__Problem requirements__
The reply must contain exactly the lines below from the one with "6 Highland Ave, Camden, ME 04843" down to the one with "litet som en s-m", both included, and nothing more; please omit the pictures.

__Input for this task__
------------------------------------------------------------
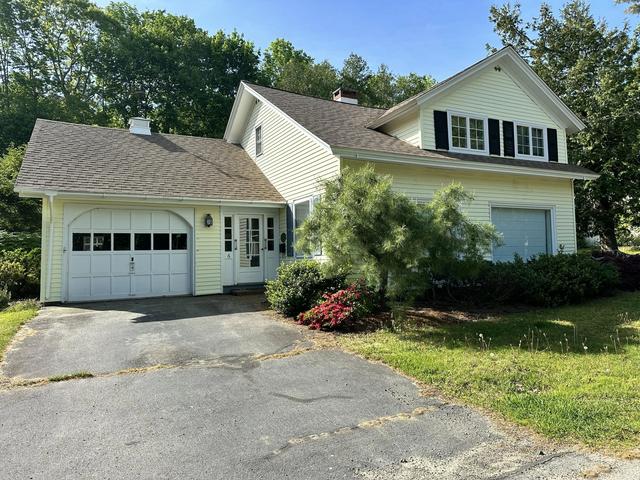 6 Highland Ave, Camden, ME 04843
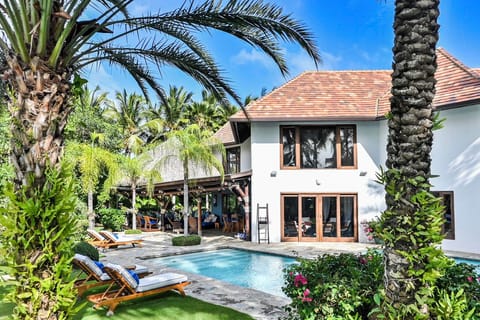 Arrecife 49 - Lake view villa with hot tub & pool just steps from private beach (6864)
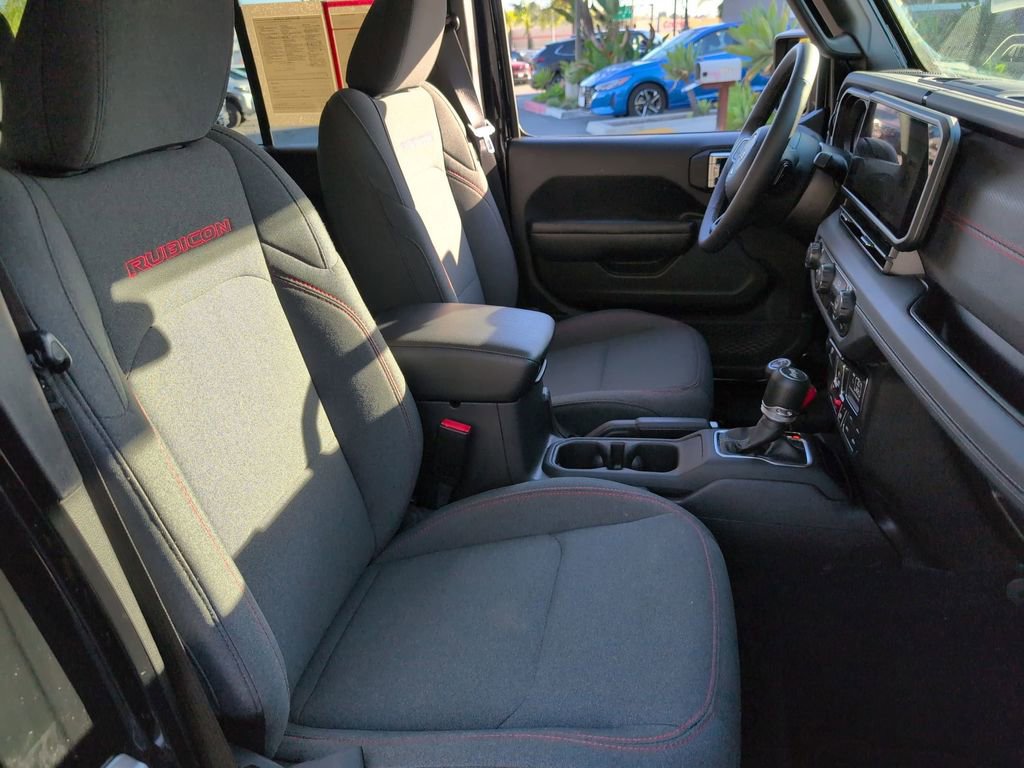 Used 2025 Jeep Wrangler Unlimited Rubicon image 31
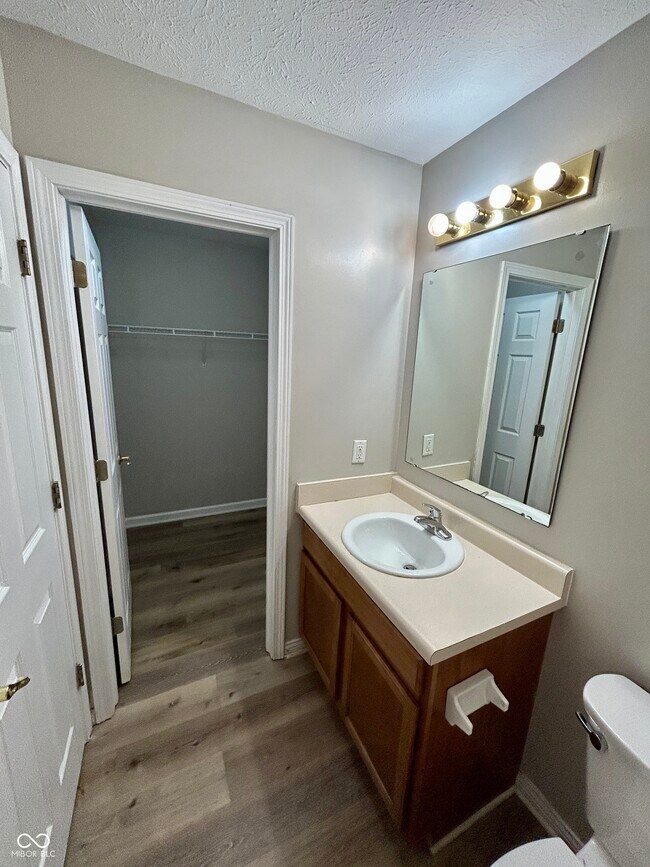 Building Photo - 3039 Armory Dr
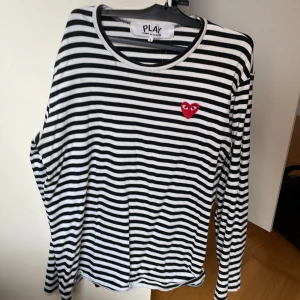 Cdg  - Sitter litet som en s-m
------------------------------------------------------------
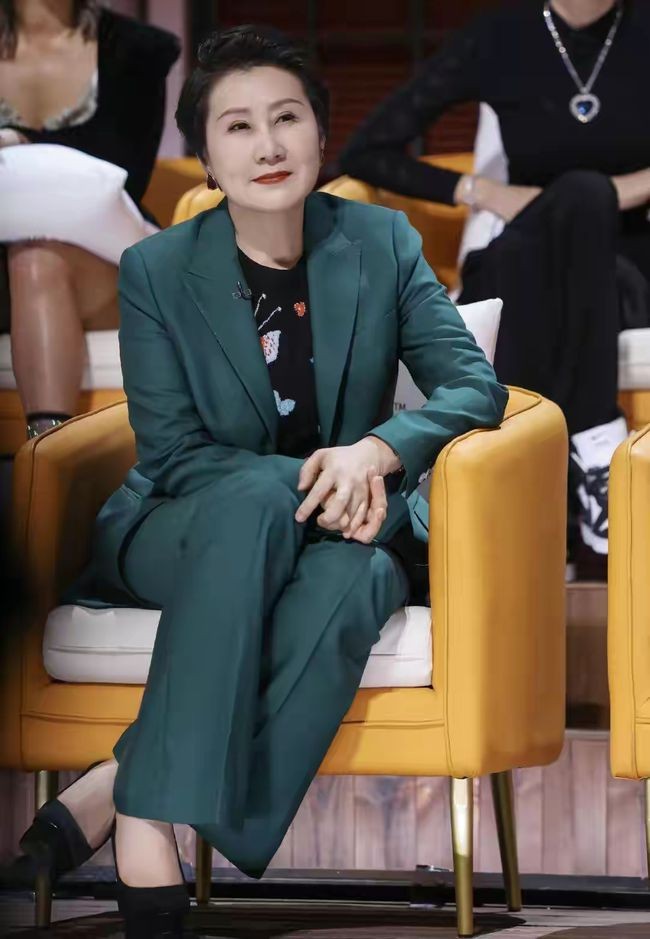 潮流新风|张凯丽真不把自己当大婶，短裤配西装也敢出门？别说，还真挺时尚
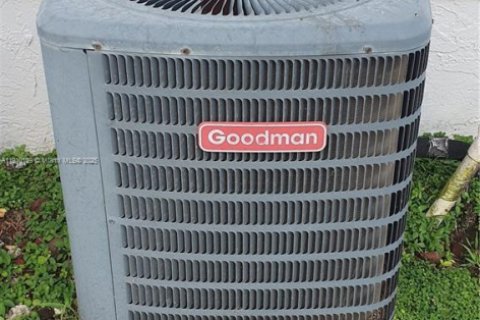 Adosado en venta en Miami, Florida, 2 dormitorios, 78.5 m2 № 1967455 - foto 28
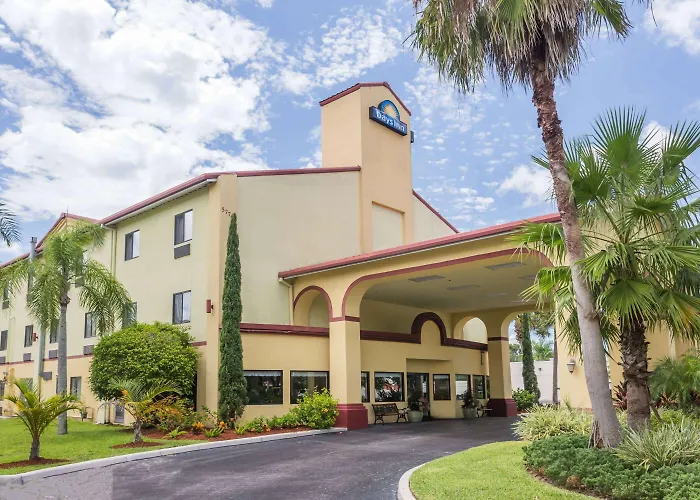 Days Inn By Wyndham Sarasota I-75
------------------------------------------------------------
__Problem solution__
 6 Highland Ave, Camden, ME 04843
 Arrecife 49 - Lake view villa with hot tub & pool just steps from private beach (6864)
 Used 2025 Jeep Wrangler Unlimited Rubicon image 31
 Building Photo - 3039 Armory Dr
 Cdg  - Sitter litet som en s-m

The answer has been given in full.